"…La democrazia non è solamente la possibilità ed il diritto di esprimere la propria opinione, ma è anche la garanzia che tale opinione venga presa in considerazione da parte del potere, la possibilità per ciascuno di avere una parte reale nelle decisioni…”
Alexander Dubcek
(Dis)Economia
Ci sono alcuni aspetti che caratterizzano un Paese e la sua credibilità internazionale. Tra questi l’economia e la competitività della propria offerta sui mercati e la politica estera. Sul primo aspetto credo che la chiave di lettura sia evidente a tutti noi. L’Italia esprime un sistema economico capace di esportare prodotti di nicchia, prevalentemente agganciati ad un’imprenditoria medio-piccola che si è affermata in mercati difficili attraverso la conquista di posizioni dominanti ma limitate al proprio segmento produttivo; un sistema che non ha completato la competitività di un Paese nel momento in cui le attività industriali a largo impiego di risorse hanno sofferto e soffrono della competitività di altre regioni del mondo favorite non solo per i costi sociali molto più bassi, ma da un sistema di produzione che studia il mercato definendo le migliori strategie d’attacco. In tutto questo, il nostro Paese si confronta inoltre e da tempo con una cultura politica prevalentemente determinata da orientamenti moderati. Una visione popolare, e a volte populistica che consiglierebbe di tener conto delle indicazioni di voto, passate e recenti, per capire che è necessario mediare in un bacino di elettori che nella loro eterogeneità guardano alle politiche di mediazione come la vera possibilità di condividere azioni non solo politiche, ma soprattutto economiche e fiscali che non penalizzino le classi medie ed operaie più di quanto non sia necessario per garantire redditi per rilanciare in questo modo i consumi e favorire le produttività ed il mercato. Dalle elezioni politiche del 2001 sino ad oggi, nell’incerta guida economica del Paese, in realtà è sempre emersa come costante anche la difficoltà di gestire in termini programmatici il destino del Sud. Un’assenza non trascurabile dal momento che le politiche utilizzate sono state la dimostrazione di una classe dirigente incapace di fare economia, di programmare, e favorire, con azioni e idee concrete, lo sviluppo del Mezzogiorno in una dimensione non solo nazionale, ma europea e mediterranea.
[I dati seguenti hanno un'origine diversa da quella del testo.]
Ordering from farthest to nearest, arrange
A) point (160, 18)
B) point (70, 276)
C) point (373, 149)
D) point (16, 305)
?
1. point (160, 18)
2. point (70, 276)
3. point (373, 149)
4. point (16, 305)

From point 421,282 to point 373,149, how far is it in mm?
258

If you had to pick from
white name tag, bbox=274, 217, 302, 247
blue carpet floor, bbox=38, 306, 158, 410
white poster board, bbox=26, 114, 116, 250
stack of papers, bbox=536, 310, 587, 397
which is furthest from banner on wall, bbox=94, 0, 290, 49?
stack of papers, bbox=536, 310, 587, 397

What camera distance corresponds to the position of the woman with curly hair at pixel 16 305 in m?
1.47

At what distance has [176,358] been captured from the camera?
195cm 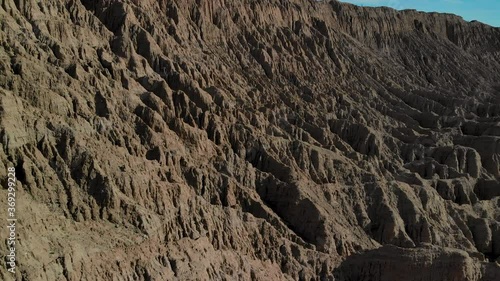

L’economia italiana, poi, trasformandosi da economia reale in finanziaria, non solo ha man mano depauperato i propri capitali, ma ha man mano deindustrializzato sommando a ciò una delocalizzazione al di fuori dello spazio produttivo e di mercato, non solo nazionale, ma europeo. In tutto questo, privandosi di un proprio, importante, know-how industriale cresciuto negli anni.